SORRY GUYS, Been trying to log in for the last couple of days and my computer just kept kicking me off. I have tried halloweenguys settings and the dimmer part does work, now I'm trying to get the relay to work. This unit is very strange and must have some addressing issues but so far I have been shown how to get around them.


----------



## halloweenguy (Jun 20, 2005)

Shaggydo, I sent you another email with the relay function settings I used on 3/15...Have you had time to test it for yourself?

Here is a recap:
Ok...I Just tried mine this should work... copy the same settings as
before down to line 60,61,62,62. Set the ED15 to DMX address 61. and
switches 11 and 12 off as you mentioned above for all 4 outputs to
switch mode.

Create a short "linear bar" at the begining of line 60,61,62,63. set
the value of each bar to 0 to 254 that should the output on. Create
another short "linear bar" 254 to 0 on the same track to turn it off. If you use the
pulse bar instead of the linear bar the output will just pulse on and then quickly turn
off.

DMX dip switch calculator:
Dip Switch Calculator - Ukslc.org


----------



## Shaggydo (Apr 7, 2008)

Ok, here is the update. Sorry for being so slow to get this up and running. I want to thank everyone for all there help. In the end this unit is kind of screwy and not the way I had invisioned it working. I now have control of both dimming and relay actions from this unit. Originally I was only trying to use it for a relay which threw me way off. The settings in VSA have to be set for DMX Dimmer instead of DMX Relay. I didn't see that one coming......He he he. But all in all it does do what I hoped it could, so thanks again everybody, especially Halloween guy.

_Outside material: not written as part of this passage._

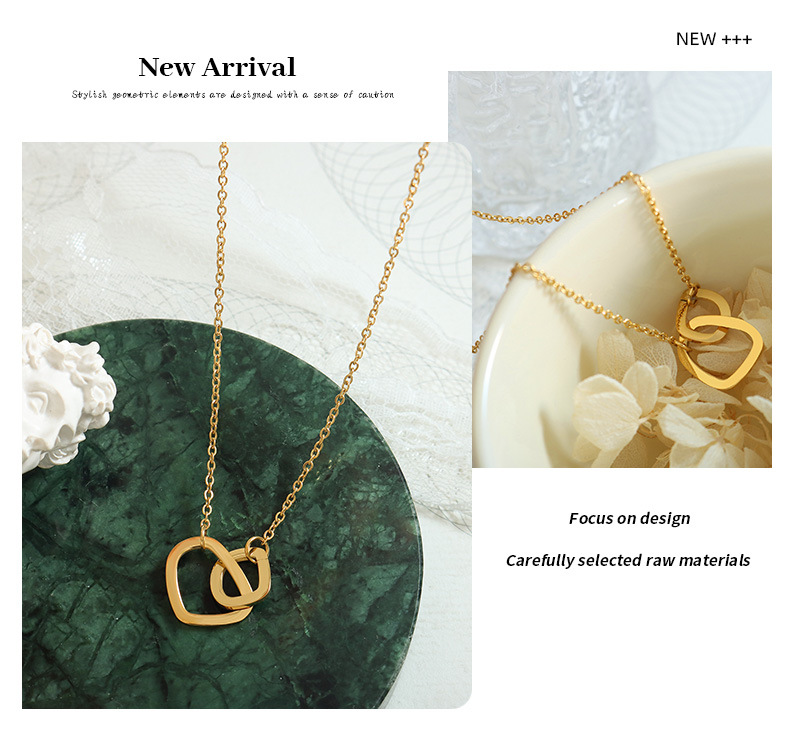 Fashion Solid Color Titanium Steel Plating Pendant Necklace 1 Piece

Hope I didn't piss anybody off by my slow reponses. Works been murder, and Me and the misses are seperating due to my obsession to halloween. So I appologize to everyone for coming off as if I didn't care what they were saying. This place is full of so many knowledgefull people that just want to help. I just hope I can return the favor and you all can forgive a brotha while he's down.


----------



## halloweenguy (Jun 20, 2005)

No probem Shaggy glad I could help...Kinda strange this thread ended up in the tutorials section anyway???

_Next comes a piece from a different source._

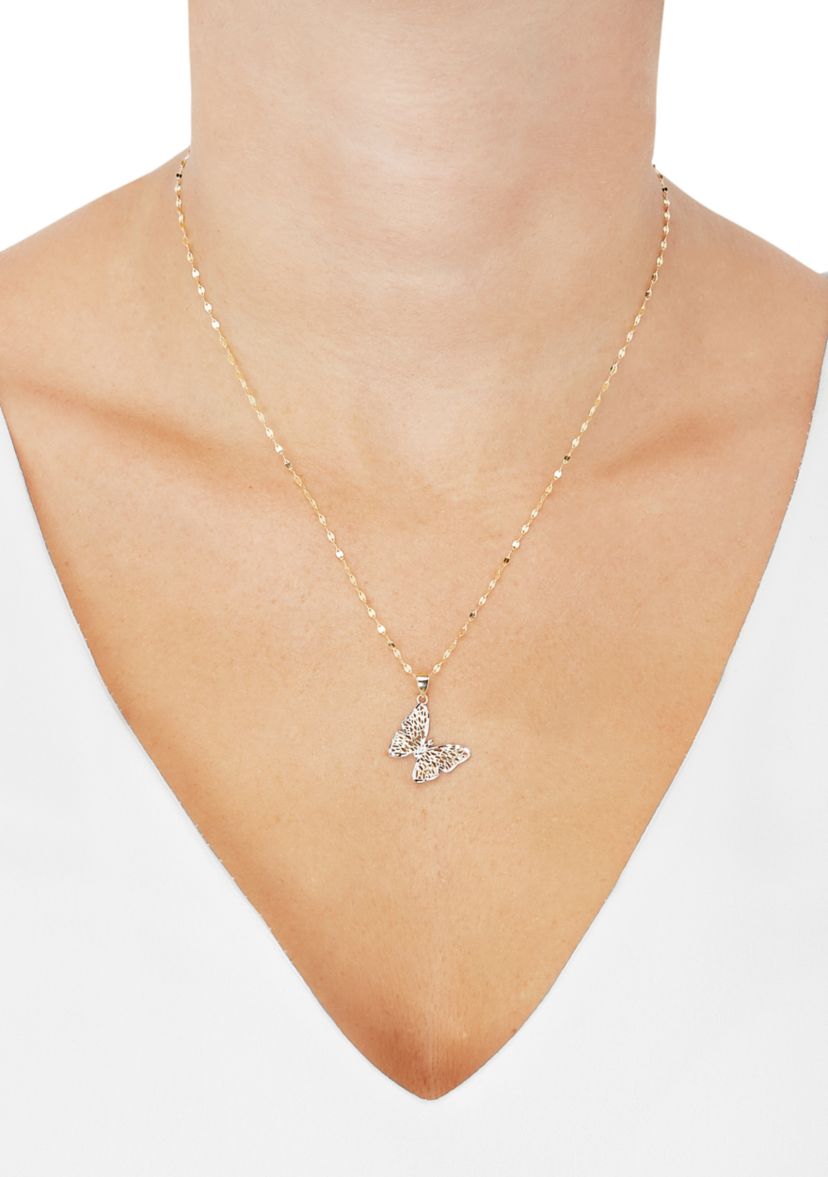 Mesh Butterfly Drop Pendant with 18" Mirror Chain in 10K Yellow Gold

If you can get your VSA upgraded to version 4.04 then my VSA files will work on your system. Pheonix UK has a VSA converter program (VSA Masher) that might assist in downgrading them?

I am not sure if you have picked up one of those DMX 750 watt Stobes yet but they are amazing!!! You can load your lightning audio file, run waveform analysis and you are good to go with movie quality lightning in just minutes. These stobe you can even contol the intensity one one of the VSA tracks!!!


----------